Penulis: Eri Komar Sinaga
Editor: Hasanudin Aco
TRIBUNNEWS.COM, JAKARTA - Kejaksaan Agung meminta bantuan kepada Komisi Pemberantasan Korupsi (KPK) terkait penyitaan aset terhadap tersangka tindak pidana pencucian uang La Nyalla Mattalitti.
Jaksa Agung Muda Tindak Pidana Khusus (Jampidsus) Arminsyah, mengatakan pihaknya terkendala menyita aset La Nyalla karena surat persetujuan dari pengadilan belum turun.
"Persetujuan sita belum turun, sudah disurati dua kali. Nah kita kordinasi dengan KPK. Mungkin KPK akan memberi bantuan untuk menjelaskan pada pihak-pihak terkait," kata Arminsyah di KPK, Jakarta, Senin (20/6/2016).
Terkait surat persetujuan tersebut, Arminsyah mengatakan sebenarnya bukan ditolak.
Hanya saja, kata dia, pengadilan tak kunjung memberikan jawaban padahal perkaranya sudah hampir selesai.
"Bukan nggak disetujui, belum dikeluarkan surat persetujuannya. Kalau nggak disetujui itu kan dijawab ditolak, nah ini belum (dijawab). Padahal perkara ini sudah hampir selesai, salah satunya menunggu itu," beber Arminsyah.
Selain itu, dalam koordinasi supervisi yang dihasilkan dengan pimpinan KPK hari ini adalah terkait bantuan audit konstruksi. Kata Arminsyah, pihaknya memerlukan KPK sebagai ahli.

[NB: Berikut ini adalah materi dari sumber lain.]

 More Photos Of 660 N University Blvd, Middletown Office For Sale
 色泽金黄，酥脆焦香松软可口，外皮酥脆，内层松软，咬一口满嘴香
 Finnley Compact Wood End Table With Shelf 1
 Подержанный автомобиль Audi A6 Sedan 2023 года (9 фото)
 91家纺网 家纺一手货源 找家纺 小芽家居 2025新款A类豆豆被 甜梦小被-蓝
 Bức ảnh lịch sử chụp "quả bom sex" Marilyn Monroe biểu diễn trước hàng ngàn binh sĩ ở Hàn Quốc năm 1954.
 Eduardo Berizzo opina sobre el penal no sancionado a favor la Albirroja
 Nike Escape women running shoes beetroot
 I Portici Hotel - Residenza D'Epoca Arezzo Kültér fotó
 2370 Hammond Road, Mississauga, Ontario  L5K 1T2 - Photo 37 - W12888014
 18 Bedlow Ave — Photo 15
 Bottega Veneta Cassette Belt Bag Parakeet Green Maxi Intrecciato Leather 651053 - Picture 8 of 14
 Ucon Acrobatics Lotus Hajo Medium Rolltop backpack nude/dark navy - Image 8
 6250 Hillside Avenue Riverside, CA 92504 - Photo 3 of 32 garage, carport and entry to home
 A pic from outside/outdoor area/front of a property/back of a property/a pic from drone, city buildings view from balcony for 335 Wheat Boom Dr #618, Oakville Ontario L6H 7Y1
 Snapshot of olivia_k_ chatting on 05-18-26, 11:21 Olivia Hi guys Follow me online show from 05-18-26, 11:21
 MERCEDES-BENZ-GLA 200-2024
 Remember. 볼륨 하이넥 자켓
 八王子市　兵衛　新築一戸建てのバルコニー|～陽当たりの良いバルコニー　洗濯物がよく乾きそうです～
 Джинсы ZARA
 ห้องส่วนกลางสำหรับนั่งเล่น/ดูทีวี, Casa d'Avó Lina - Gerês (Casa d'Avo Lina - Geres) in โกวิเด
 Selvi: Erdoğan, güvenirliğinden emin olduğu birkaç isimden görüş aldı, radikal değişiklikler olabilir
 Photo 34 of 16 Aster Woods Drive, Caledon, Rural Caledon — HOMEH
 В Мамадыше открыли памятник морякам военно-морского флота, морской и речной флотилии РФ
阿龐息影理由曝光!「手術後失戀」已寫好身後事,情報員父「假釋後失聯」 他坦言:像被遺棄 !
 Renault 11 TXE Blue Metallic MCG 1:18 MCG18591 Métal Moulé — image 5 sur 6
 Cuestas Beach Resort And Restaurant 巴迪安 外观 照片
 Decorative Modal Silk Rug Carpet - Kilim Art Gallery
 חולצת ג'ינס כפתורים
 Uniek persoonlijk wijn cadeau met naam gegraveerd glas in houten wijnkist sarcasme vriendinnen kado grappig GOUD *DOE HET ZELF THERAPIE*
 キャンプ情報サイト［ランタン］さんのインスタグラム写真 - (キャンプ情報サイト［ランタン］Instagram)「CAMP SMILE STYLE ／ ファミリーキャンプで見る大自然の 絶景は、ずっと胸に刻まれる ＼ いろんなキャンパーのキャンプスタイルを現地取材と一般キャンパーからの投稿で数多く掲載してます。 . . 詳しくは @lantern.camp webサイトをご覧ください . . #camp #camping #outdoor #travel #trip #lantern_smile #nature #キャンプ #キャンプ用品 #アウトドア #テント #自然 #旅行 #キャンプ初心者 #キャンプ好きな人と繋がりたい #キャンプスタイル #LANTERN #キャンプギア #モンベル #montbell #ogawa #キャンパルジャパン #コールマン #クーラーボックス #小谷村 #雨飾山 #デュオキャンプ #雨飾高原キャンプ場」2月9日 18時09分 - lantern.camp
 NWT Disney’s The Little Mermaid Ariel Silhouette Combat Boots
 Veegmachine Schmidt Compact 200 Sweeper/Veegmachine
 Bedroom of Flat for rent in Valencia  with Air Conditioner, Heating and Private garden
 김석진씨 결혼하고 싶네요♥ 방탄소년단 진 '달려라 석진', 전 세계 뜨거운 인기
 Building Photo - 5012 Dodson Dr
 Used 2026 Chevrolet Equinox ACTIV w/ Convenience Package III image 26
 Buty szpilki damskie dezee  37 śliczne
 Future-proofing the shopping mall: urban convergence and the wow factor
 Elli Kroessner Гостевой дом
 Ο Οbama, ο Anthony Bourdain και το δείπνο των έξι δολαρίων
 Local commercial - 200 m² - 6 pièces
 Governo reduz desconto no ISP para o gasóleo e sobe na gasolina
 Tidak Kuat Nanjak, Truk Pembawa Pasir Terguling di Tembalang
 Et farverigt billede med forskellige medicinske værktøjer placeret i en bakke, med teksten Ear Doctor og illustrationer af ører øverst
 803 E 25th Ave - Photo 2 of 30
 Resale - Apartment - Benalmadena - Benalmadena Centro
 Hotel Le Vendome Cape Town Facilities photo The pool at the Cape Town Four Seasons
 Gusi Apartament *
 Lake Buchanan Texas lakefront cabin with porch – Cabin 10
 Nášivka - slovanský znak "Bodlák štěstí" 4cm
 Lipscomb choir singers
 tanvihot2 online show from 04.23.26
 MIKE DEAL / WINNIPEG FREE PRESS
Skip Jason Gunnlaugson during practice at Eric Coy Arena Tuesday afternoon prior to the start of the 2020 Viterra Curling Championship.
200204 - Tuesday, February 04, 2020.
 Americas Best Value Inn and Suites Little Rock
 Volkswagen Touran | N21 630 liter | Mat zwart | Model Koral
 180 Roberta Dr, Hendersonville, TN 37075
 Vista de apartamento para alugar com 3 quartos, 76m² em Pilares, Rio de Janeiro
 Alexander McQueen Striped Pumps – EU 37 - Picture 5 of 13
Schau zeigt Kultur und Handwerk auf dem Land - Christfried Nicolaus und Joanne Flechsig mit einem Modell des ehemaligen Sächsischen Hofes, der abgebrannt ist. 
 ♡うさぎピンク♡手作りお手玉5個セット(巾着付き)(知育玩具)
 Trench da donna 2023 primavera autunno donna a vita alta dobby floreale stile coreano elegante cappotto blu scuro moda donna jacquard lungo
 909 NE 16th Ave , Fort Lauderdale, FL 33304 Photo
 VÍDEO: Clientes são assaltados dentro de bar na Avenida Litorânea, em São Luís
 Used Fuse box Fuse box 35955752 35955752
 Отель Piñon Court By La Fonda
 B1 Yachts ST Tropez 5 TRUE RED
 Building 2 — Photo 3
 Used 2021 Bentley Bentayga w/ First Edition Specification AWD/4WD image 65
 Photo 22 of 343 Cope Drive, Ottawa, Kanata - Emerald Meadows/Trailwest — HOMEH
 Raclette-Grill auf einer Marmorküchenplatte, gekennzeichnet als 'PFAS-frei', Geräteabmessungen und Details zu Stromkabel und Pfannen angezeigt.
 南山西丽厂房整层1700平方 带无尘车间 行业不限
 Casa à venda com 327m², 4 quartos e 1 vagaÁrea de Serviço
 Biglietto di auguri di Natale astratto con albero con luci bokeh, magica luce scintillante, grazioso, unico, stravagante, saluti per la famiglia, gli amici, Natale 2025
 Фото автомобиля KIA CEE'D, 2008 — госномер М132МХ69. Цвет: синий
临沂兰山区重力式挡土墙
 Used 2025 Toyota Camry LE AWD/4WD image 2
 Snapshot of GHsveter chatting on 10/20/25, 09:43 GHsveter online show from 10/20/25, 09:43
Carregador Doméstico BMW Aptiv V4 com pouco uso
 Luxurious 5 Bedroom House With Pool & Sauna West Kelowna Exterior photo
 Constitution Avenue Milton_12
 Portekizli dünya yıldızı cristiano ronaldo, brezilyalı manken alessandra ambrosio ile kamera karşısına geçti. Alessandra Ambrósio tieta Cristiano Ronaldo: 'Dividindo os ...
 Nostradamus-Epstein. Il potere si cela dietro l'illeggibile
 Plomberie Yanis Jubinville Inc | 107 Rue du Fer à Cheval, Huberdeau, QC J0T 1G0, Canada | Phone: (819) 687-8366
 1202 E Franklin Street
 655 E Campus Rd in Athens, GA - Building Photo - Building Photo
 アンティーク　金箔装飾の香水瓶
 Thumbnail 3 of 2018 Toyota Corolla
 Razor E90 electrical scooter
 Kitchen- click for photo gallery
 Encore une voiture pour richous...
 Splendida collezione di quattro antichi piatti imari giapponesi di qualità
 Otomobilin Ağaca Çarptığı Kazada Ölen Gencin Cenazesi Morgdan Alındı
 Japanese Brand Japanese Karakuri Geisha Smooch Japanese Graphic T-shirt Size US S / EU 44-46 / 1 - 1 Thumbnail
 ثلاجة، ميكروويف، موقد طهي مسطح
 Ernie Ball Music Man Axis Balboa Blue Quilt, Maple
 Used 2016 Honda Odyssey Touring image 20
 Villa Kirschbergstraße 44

"Koordinasi secara umum. Ada audit mengenai konstruksi ya, kan biaya nya besar, kita kan biaya sedikit, perkara cuma satu, satu Kejari, kita minta dukungan KPK untuk ahli, nanti hasilnya buat kita," kata dia.
Ada koordinasi tersebut juga dihadiri Kepala Kejaksaan Tinggi Jawa Timur Maruli Hutagalung, jaksa penyidik Kejati Jawa Timur Halila Rama.
Kasus ini bermula setelah ada temuan penyelewengan dana hibah dan bantuan sosial untuk membeli saham Bank Jatim.
Dalam kasus dugaan korupsi itu, telah ada dua anggota Kadin Jawa Timur yang diputus bersalah melalui putusan berkekuatan tetap oleh pengadilan. Mereka adalah Diar Nasution dan Nelson Sembiring.